Cough cough cough
Jonggun tau ia terusik dengan nyaringnya suara batuk itu. ia yang seharusnya fokus bertarung kini terus saja mencari kesempatan untuk memandang kebelakang seolah tengah mencari sesuatu. sedangkan Jungoo justru terkekeh kala melihat darah ditangannya. kesal sebenarnya, karena jika benar Hyungseok adalah pelakunya, maka ia takkan bisa melakukan apa-apa.
perasaan yang terus mengganggunya, membisikkan serangkai kata yang menyatakan bahwa meski ia mati sekarang juga, ia pantas mendapatkannya.
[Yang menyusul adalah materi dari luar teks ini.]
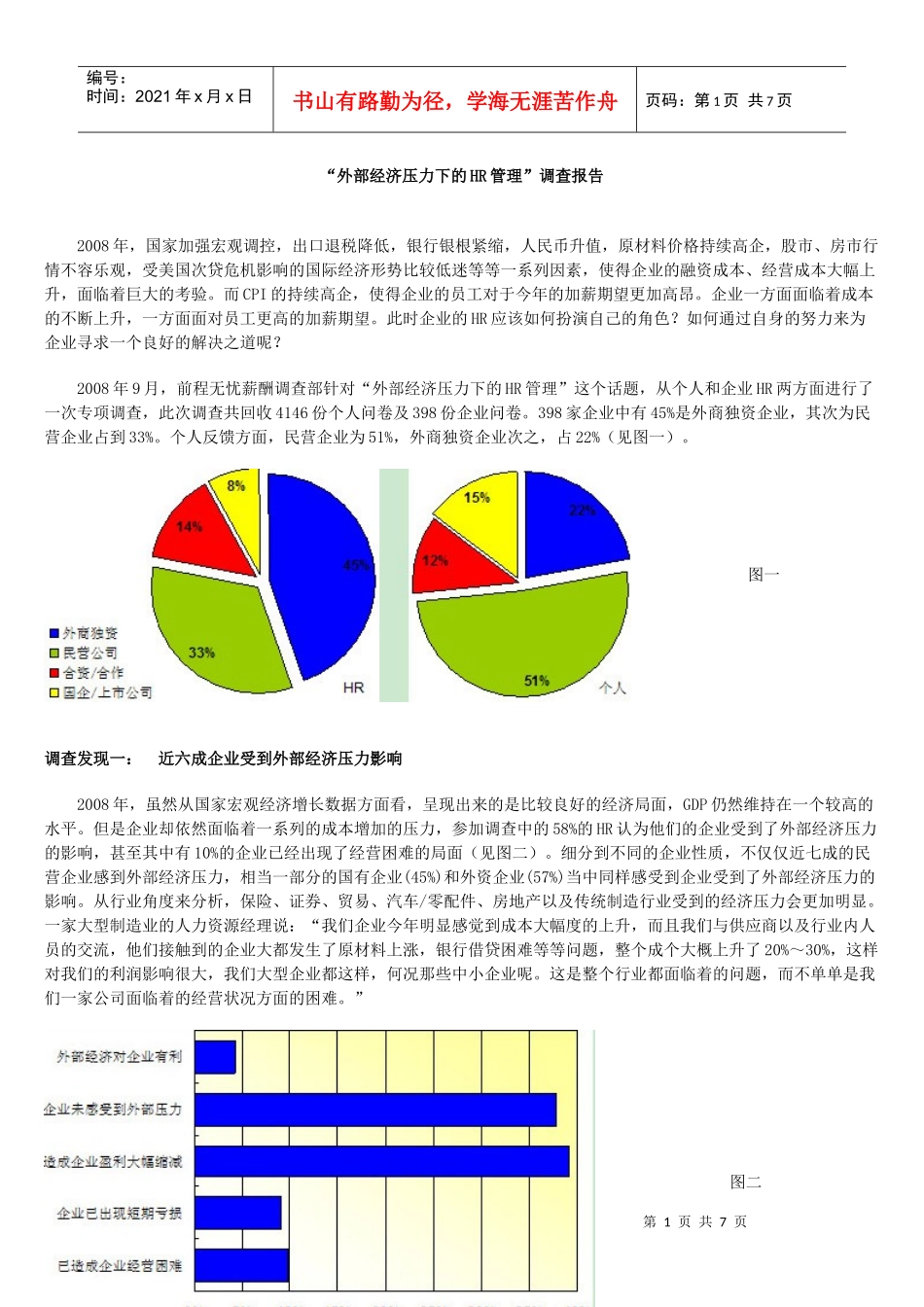 外部经济压力下的HR管理_第1页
itu karena selama beberapa menit terakhir, ia terlalu memaksakan diri untuk berlari. padahal digunakan untuk berjalan saja rasanya sakit sekali. dan kini ia bahkan tak lagi bisa menggerakkan barang seujung jari.
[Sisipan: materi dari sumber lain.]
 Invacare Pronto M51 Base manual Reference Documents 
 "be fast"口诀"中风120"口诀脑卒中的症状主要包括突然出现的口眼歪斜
Jonggun khawatir. namun Hyungseok juga sedang melawannya dengan tanpa mentolerir.
BAM
Jonggun jatuh dengan posisi dimana Hyungseok kini duduk diatas tubuhnya. kaki? tangan? untuk melawan Seok Park yang luar biasa, rasanya tetap saja sia-sia.
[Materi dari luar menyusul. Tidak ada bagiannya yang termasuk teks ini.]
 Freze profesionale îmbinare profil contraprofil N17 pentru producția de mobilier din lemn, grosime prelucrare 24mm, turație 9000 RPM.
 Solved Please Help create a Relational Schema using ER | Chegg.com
Jonggun hanya bisa diam menerima saat lengan Hyungseok kini bergerak mencekiknya. pada titik ini Jonggun-pun sadar, bahwa pria yang dua tahun lebih muda darinya ini sedang melakukan trik yang dulu pernah memembuat Hyungseok tak sadarkan diri.
jika pelakunya bukan Jonggun sendiri, lantas siapa lagi?
kalaupun ada alasan kenapa Jonggun harus berhenti melawan, itu karena sorotnya menangkap bagaimana sosok sang adik kini tengah bersusah payah mencekiknya dengan air mata yang diam-diam menghiasi wajahnya.
'S-sejak kapan dia.. menangis?' Jonggun bersumpah, dari sekian banyak emosi yang pernah Hyungseok tunjukkan padanya, inilah kali pertama air mata itu hadir menyapa netranya.
"Kenapa?" kecewa, sedih dan marah. persatuan dari segala jenis emosi yang dengan jelas terpampang diwajah Hyungseok menyambut Jonggun yang ingin sekali menyerah.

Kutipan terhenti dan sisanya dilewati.